● **Problem requirements**
Go through the data below line by line and count those containing the word "Black". Reply with the count only.

────────────────────

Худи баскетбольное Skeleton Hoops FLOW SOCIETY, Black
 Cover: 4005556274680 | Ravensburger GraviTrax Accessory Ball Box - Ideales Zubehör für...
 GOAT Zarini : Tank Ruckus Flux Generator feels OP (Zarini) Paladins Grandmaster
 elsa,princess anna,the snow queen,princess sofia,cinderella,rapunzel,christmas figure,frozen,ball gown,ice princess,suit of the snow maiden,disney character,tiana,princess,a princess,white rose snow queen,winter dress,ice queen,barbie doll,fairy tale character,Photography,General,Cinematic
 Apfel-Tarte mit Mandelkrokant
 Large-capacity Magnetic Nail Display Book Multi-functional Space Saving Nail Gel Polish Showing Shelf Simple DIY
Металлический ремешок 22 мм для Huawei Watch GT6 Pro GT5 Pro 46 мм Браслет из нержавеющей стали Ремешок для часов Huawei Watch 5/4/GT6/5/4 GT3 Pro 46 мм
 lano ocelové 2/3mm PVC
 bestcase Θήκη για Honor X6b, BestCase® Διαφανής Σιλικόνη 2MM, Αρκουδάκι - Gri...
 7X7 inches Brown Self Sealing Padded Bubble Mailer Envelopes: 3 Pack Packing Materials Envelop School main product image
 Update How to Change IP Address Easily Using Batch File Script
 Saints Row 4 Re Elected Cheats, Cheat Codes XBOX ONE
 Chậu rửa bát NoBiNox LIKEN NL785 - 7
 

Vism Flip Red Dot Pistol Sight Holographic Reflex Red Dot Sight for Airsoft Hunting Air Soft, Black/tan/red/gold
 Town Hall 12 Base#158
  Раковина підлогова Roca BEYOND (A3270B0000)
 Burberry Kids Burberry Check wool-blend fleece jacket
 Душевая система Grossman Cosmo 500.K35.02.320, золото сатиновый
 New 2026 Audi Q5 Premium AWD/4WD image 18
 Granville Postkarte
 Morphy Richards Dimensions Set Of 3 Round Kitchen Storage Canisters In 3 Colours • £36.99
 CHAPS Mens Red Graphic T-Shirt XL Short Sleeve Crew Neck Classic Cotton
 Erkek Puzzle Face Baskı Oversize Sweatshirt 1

────────────────────

● **Written answer**
2